TASK DETAILS:
Exactly reproduce the lines from the one containing "5142 SW 157th Ct, Miami, Florida" through the last line of the data, both ends included, leaving out pictures.

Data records
....................

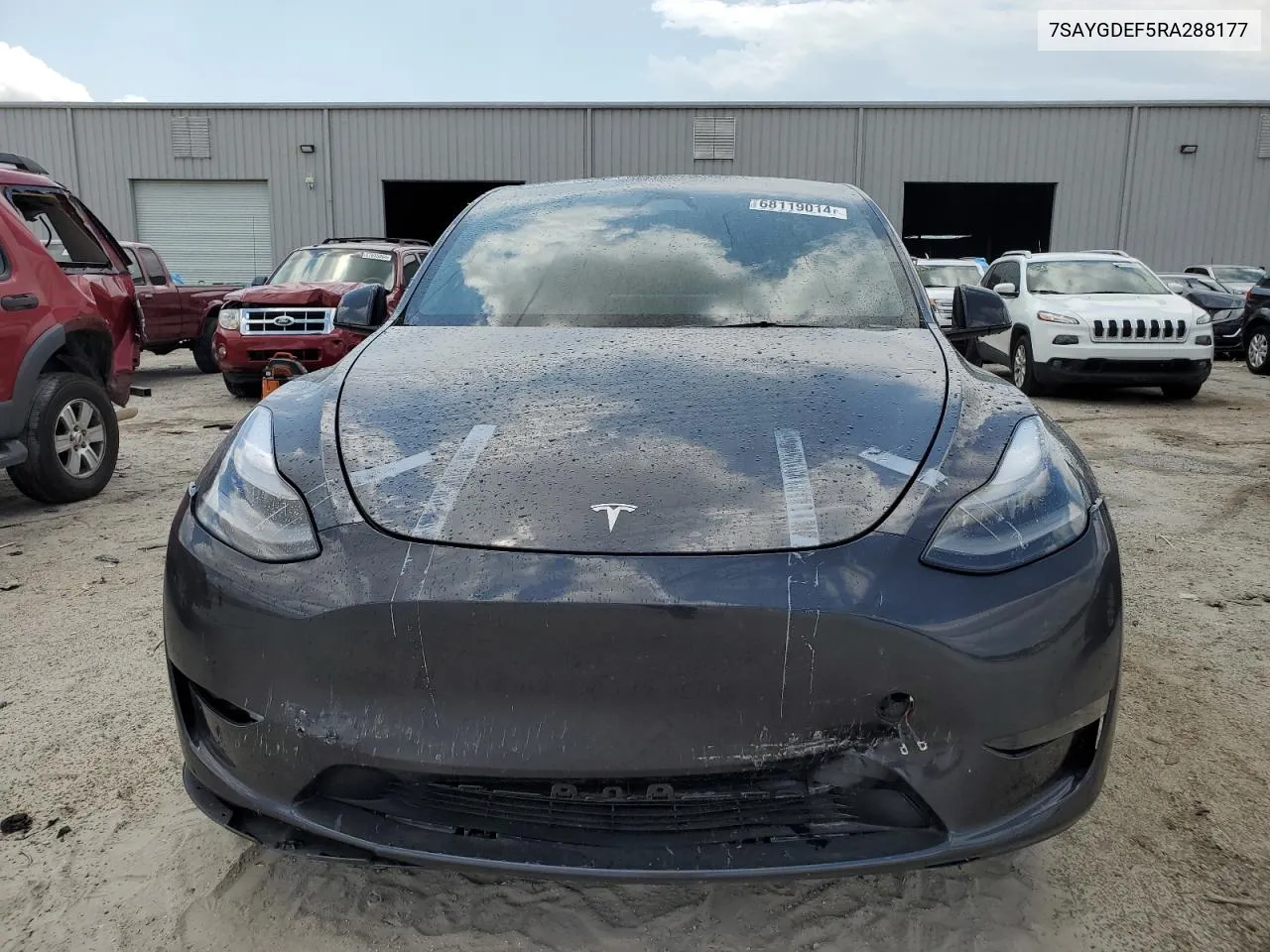 7SAYGDEF5RA288177 2024 Tesla Model Y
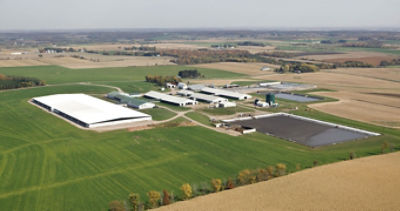 Photo - aerial view - large farm operation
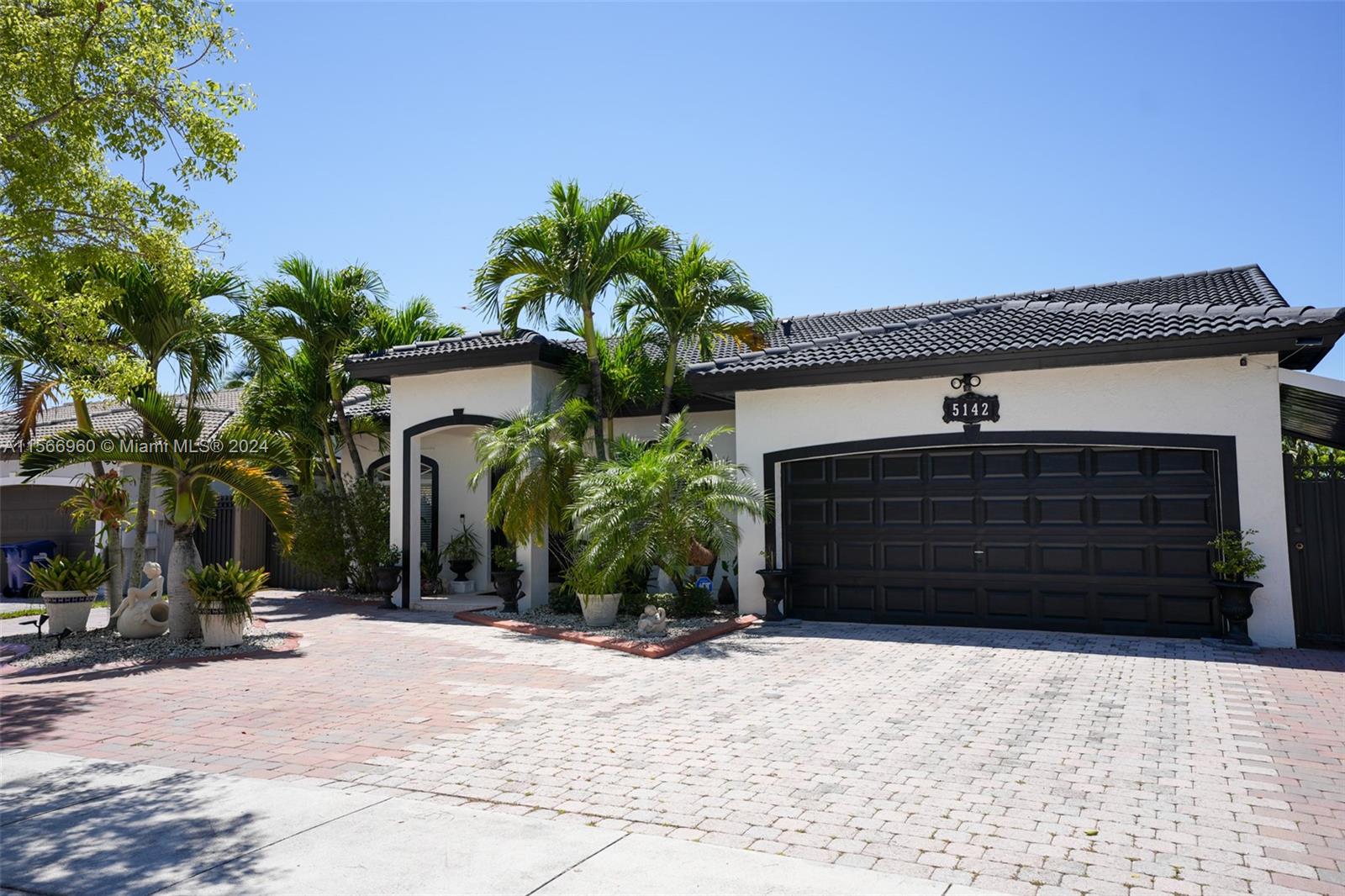 5142 SW 157th Ct, Miami, Florida 33185, 3 Bedrooms Bedrooms, ,2 BathroomsBathrooms,Residential,For Sale,5142 SW 157th Ct,A11566960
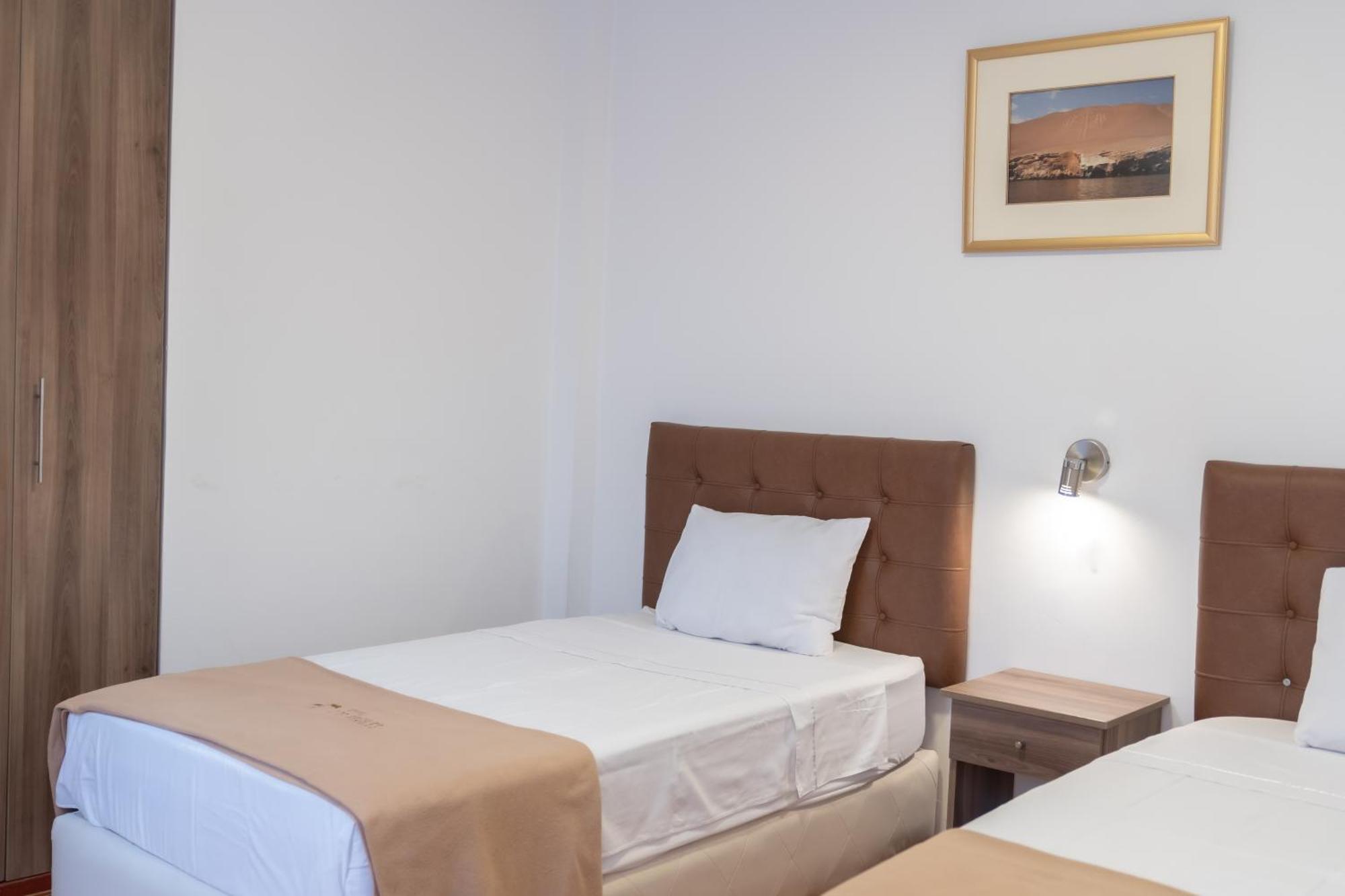 Hostal Los Frayles Paracas Exterior foto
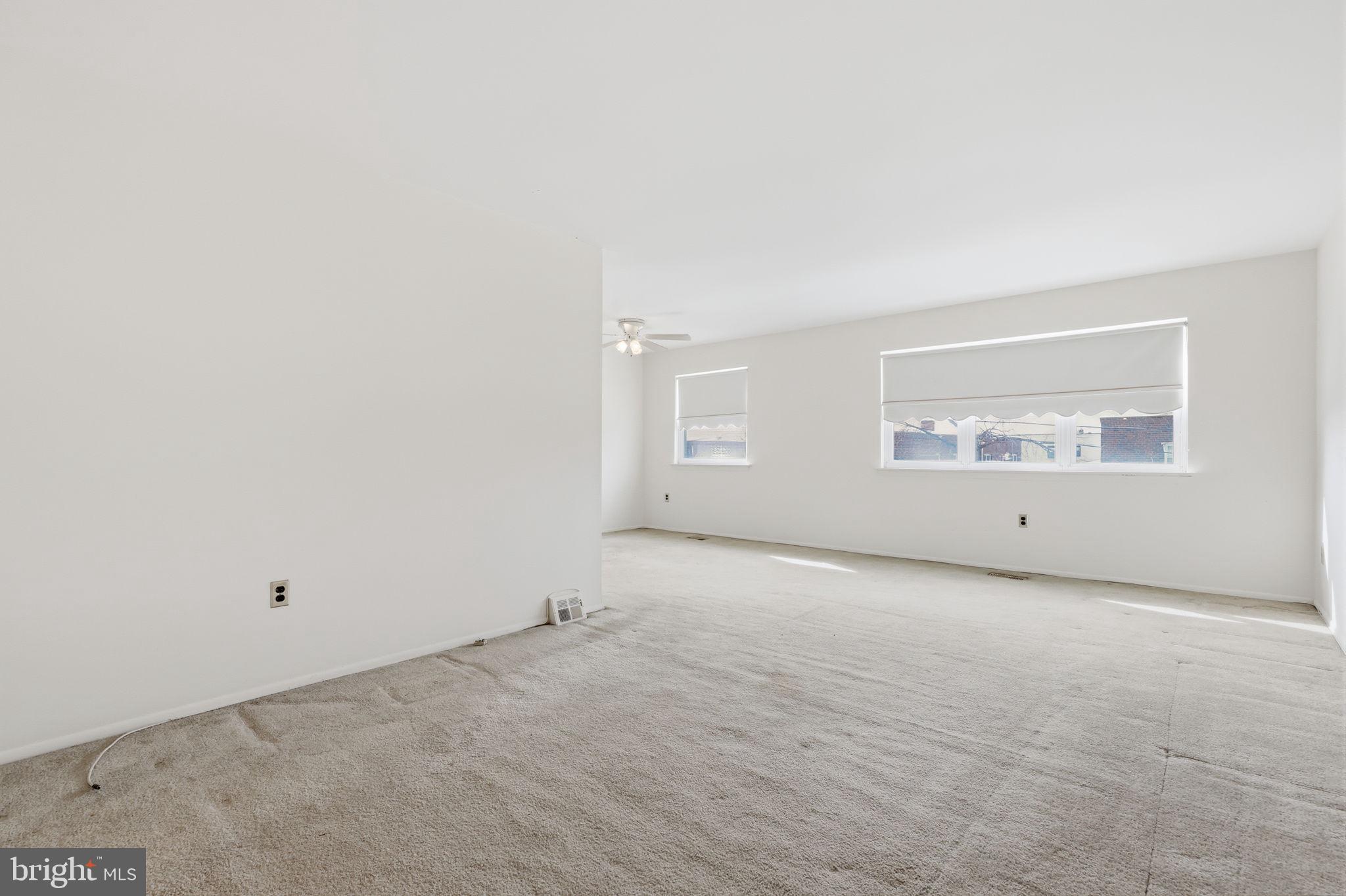 LEXINGTON PARK - Residential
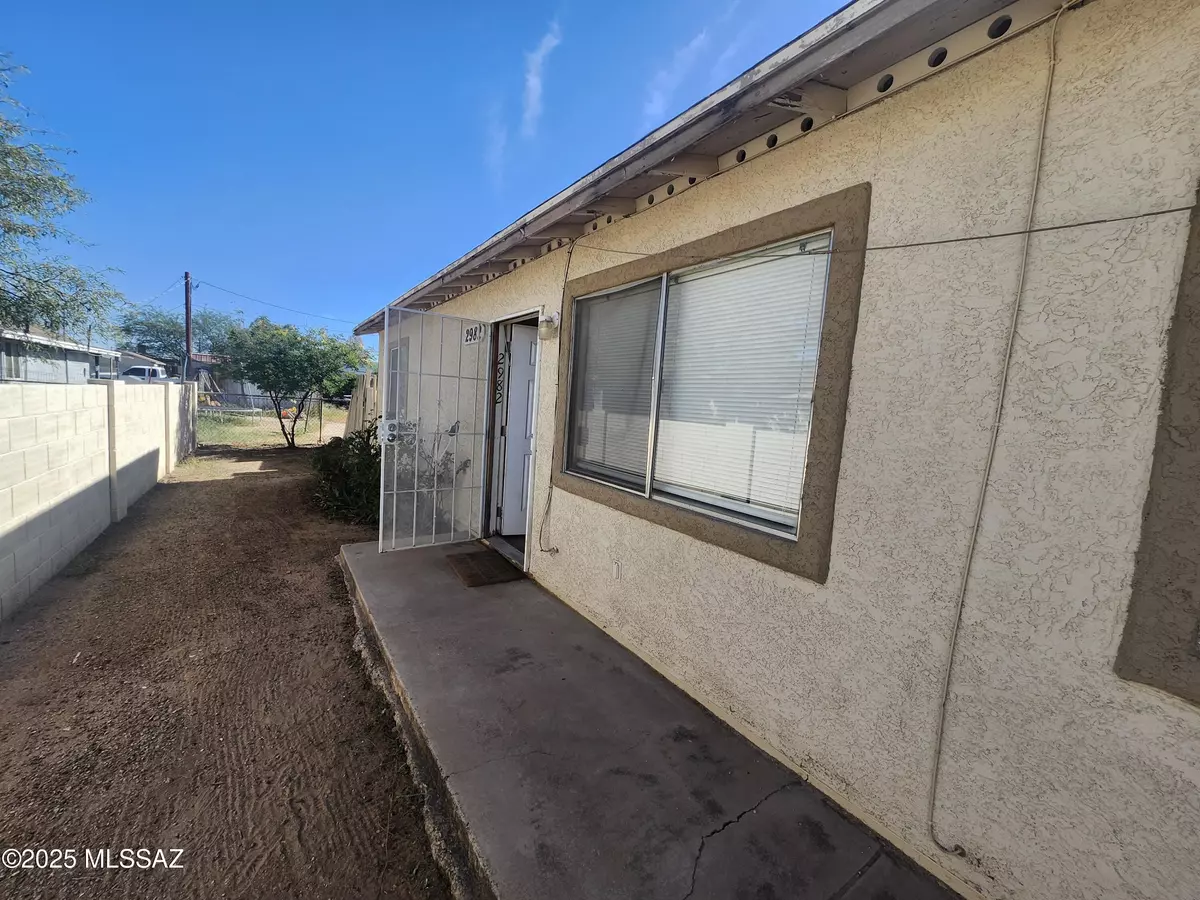 Tucson, AZ 85713,2982 E 30th Street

....................

OUTPUT FOR THIS EXERCISE:
 5142 SW 157th Ct, Miami, Florida 33185, 3 Bedrooms Bedrooms, ,2 BathroomsBathrooms,Residential,For Sale,5142 SW 157th Ct,A11566960
 Hostal Los Frayles Paracas Exterior foto
 LEXINGTON PARK - Residential
 Tucson, AZ 85713,2982 E 30th Street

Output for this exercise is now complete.